The view from my couch

Broadcast Odds and Ends
by Cheryl Lauer
July 27, 2003

The weekend of July 25-27 was packed with racing across America from Colorado to Michigan to Pennsylvania. This articles includes my thoughts on the Craftsman Truck Series Race from Brooklyn, MI, the Busch Race from Pikes Peak, CO, and the doubleheader ARCA races from Pocono, PA.

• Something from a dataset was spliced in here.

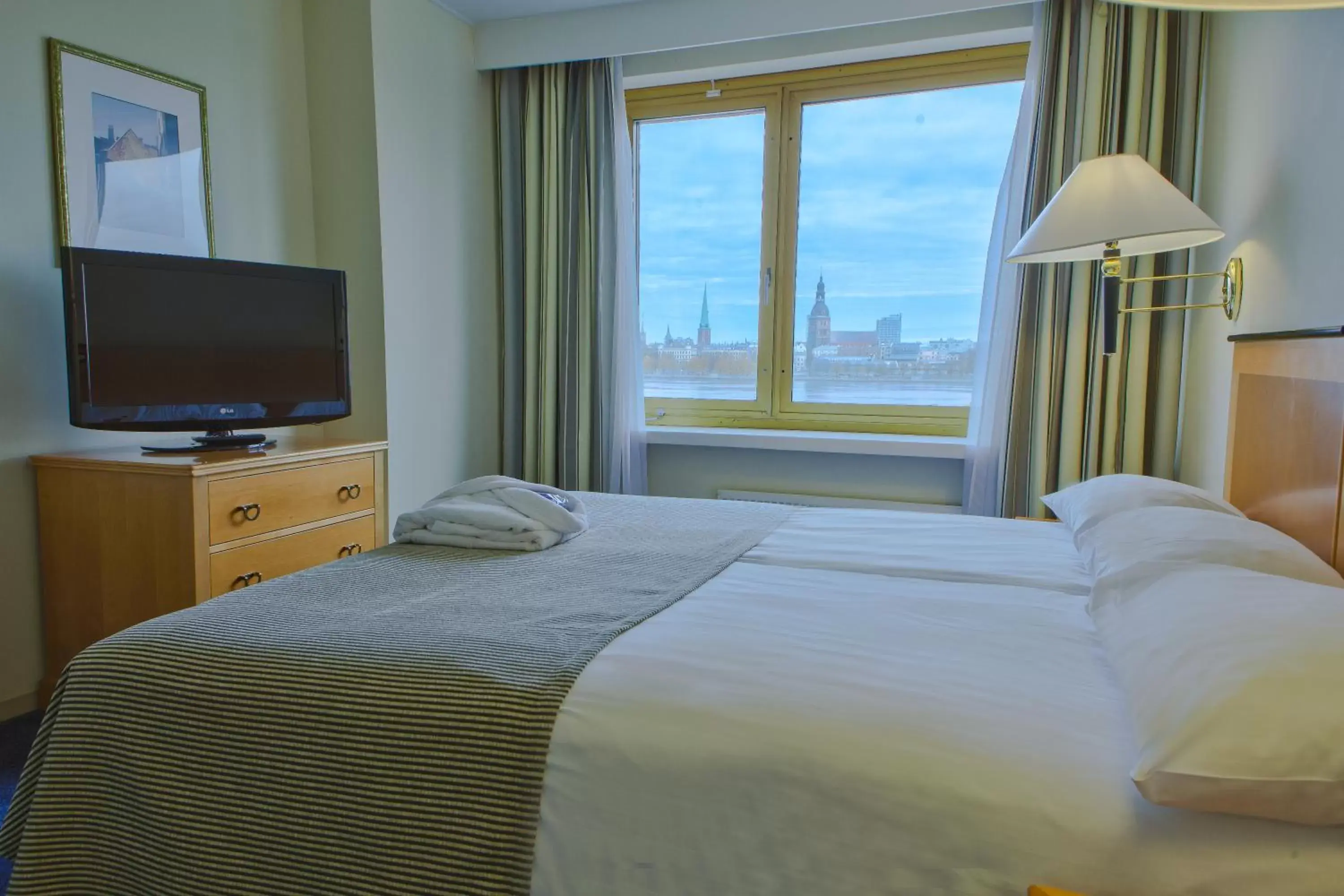 Premium Room with River and Old Town View in Radisson Blu Daugava Hotel, Riga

Speed Channel Coverage of he Craftsman 200 from Michigan

This weekend marks the halfway point in the truck season, and frankly, I see very little improvement from the broadcast team on Speed Channel. Rick Allen, as anchor, is still failing miserably and Dorsey Schroeder and Barry Dotson do little to enhance the broadcast. After five months, Rick still seems to not have grasped what is going on in the races. He continues to assure the viewers how "exciting" and "great" the racing is every week, when honestly, I've fallen asleep during the last three truck broadcasts and was in danger of falling asleep again on Saturday. I kept thinking that maybe it was because the last three weeks were night races at the cookie cutter tracks of Kansas, Kentucky and St. Louis, which produced very little side-by-side racing. NASCAR and TV keep telling us that fans love night racing. Yes, we do when they are a rare occurrence and at exciting short tracks like Bristol, Richmond or IRP. Not when they are three races in a row at 1 1/2 half mile tracks that lack any unique characteristics to distinguish between them, and provide no exciting racing.

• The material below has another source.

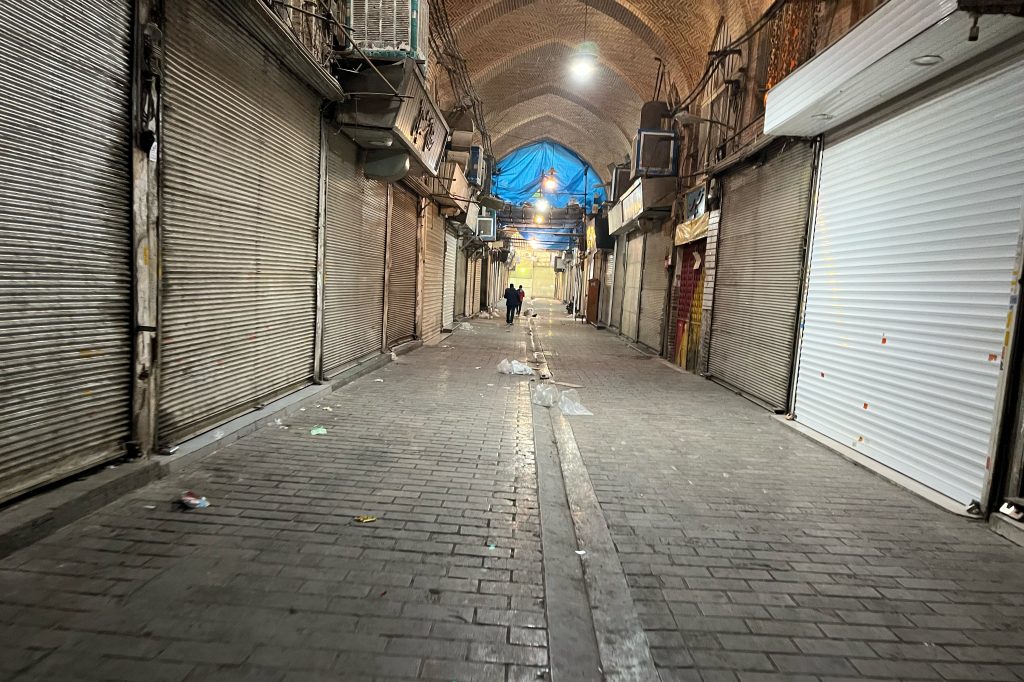 Ιράν: Μπορούν οι εξεγέρσεις να «ρίξουν» τον Χαμενεΐ; Ο ρόλος των παζαριών και οι περιορισμένες κινήσεις Τραμπ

I've always considered myself a diehard fan, yet the quality of the broadcasts of the truck races on Speed this season, make me question every week why I even bother to tune in. Throughout the season, Ray Dunlap and Phil Parsons in the pits seem to be the only ones on this crew who have genuine enthusiasm and display any real knowledge as to what is going on during the races. The people in the booth have turned the race coverage into a joke most weeks, making the races sound like a cross between WWF wrestling or a cartoon. The announcers keep alternating between what they think are cute cliches or colorful nicknames. If I hear "Buckle up buttercup" from Barry Dotson one more time or "Droopy Dog" or "the Hulk" from the rest of the crew, I think I'm going to scream.

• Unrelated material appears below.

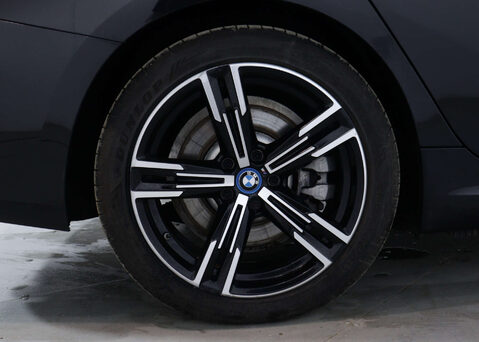 BMW 3 Series 2.0 330E M Sport Auto 5dr 13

Okay, enough venting in general. Let's get to this week's race. When the broadcast came on, the trucks were already on the pace lap and we were told because there was a chance of rain that they would get right to the racing. I couldn't help but yell an enthusiastic "yeah," as I think having pre-race shows for the sake of pre-race shows is getting really old.

Barry, Phil and Ray each provided a quick rundown on the differences in the kick-outs on the Chevy trucks from the other makes and how they felt the Chevy teams would be at a distinct disadvantage at the high-speed, aerodynamic sensitive Michigan track. (Note to NASCAR: Why run the trucks at a place like this in the first place and why on earth team them up with open-wheel cars for the weekend? Did you notice there appeared to be no one in the stands to watch the truck race?) As the race began, thankfully, we were saved from Barry's "buttercup" phrase. I'm assuming that he uttered this once spontaneously and someone at the Speed (aka Fox) networks thought it would be just as cute as they think Darrell Waltrip's annoying phrase is.

It seemed like Speed stayed with the race for a long time before the first commercial. Unfortunately, they made up for it from that point on, with breaks that seemed to come every five laps or so. Let me tell you, NBC and TNT have nothing on the Speed Channel for having too many breaks during what is supposed to be race coverage. Also, why oh why are ALL the commercials on Speed Channel so damn LOUD??

As the race went on, Speed missed two passes for the lead. Hey, when there are so few passes in a race, it might be nice if the viewers actually got to see them live. Although they were in replay, we did get to see Jon Wood bump drafting Brendan Gaughan before passing him for the lead. The second time Speed missed a pass up front, someone in the control room must've been as bored as the viewers because they initially queued up something besides the guys up front. Eventually, they did get it figured out and showed us the replay of the pass for the lead.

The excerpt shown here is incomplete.